David Simpson’s review of Heonik Kwon’s Ghosts of War in Vietnam brought to mind something I heard in that country just a few weeks ago (LRB, 14 August). Confronted by a motorcyclist speeding the wrong way towards us on an otherwise empty motorway, our driver – unsurprised – remarked: ‘She must love bananas.’ Bananas, it seems, are a traditional offering at shrines to the dead (beside the phony dollar bills, I presume).

Terence Eccles
London NW6

Where to Put the Jug

Hilary Mantel’s lament for the NHS amplifies a rising note in popular comment on British hospitals: the incapacity and rudeness of so many nurses (LRB, 14 August). A corollary is appreciation for a new phenomenon, the conscientious and communicative hospital doctor. These views disorientate us, given the long-standing stereotype that nurses are the under-remunerated angels of the ward, while doctors merely sweep through, grunting in Latin and cursing Nye Bevan between rounds of golf. One feature of my own recent experience in hospital gives further cause for alarm to the Daily Mail reader whom Mantel invokes, and perhaps reinforces her intuition that the problem has a wider, cultural basis. The best nurses – the routinely attentive and kindly ones, those with the vocational skill to recognise that not only is a jug of water best placed within your sight and reach, but that you might well need help to drink from it – were, with few exceptions, foreign.
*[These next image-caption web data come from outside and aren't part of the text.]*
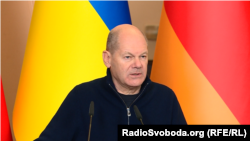 Канцлер Німеччини Олаф Шольц визнав свою поразку на виборах до Бундестагу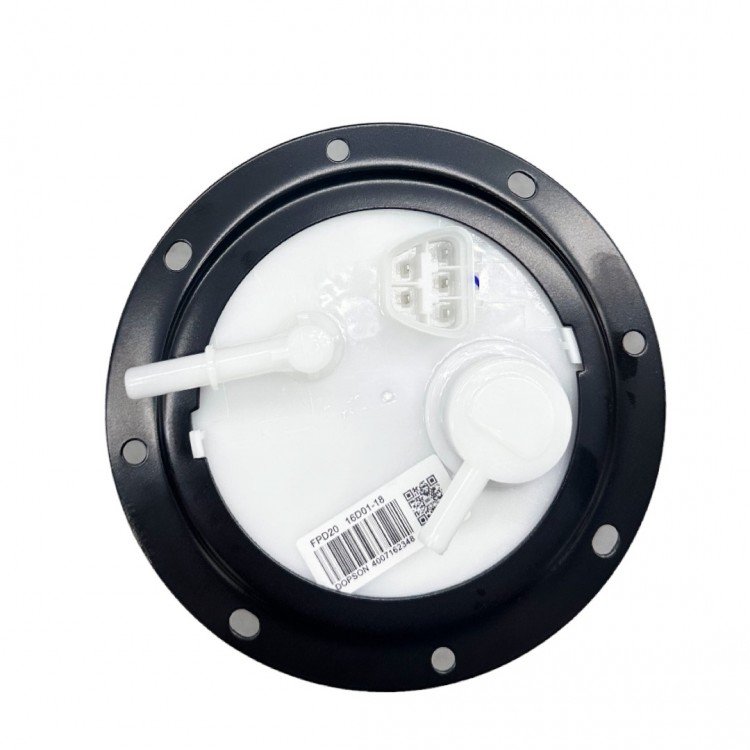 Hyundaı Şamandıra Getz Benzinli 02-11 (Komple)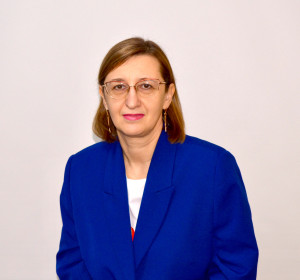 Заведующий Писарюк Валентина Дмитриевна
Perhaps the progressive soul might be consoled that some of those parked in hospital corridors will be disabused of their casual racism by the frequent superiority of these nurses.

Simon Skinner
Oxford

Proper Worksop

Jonathan Raban writes that Neil Entwistle said ‘coom’ for ‘come (LRB, 14 August). That can’t be right; if it were, how would Raban represent the common pronunciations of ‘spoof’ or ‘spook’ or the Welsh ‘cwm’, which are quite distinct from the proper Worksop ‘cum’? It’s a solecism of supercilious Southerners to suppose that anyone anywhere in the British Isles has ever pronounced ‘fucking’ as ‘fooking’. Southerners say ‘facking’ and the Irish say ‘fecking’, but let us draw our vowels from the finer source.

Michael Haslam
Hebden Bridge, West Yorkshire

Jonathan Raban suggests that the Colt .22 revolver used as the murder weapon in the Entwistle case was the ‘legendary instrument of masculine power’ used by John Wayne and others in Westerns. Not so. That was the much more devastating Colt .45. Having fired one of these, once, many years ago, I can assure him the trigger was no ‘gentle squeeze’: the weapon kicked like a horse, and I can still hear the report singing in my ears.

Damian Grant
Villeneuve d’Ascq, France

No Picnic

Slavoj Žižek quotes an untitled poem by Radovan Karadzic, identified by its dedication, ‘For Izlet Sarajlic’ (LRB, 14 August). The late Izet Sarajlic is a famous Bosnian poet, who was, incidentally, injured during the siege of Sarajevo by a shell fired by Karadzic’s army. Izet is a very common name among Bosnian Muslims; izlet means ‘picnic’ in the countries of the former Yugoslavia.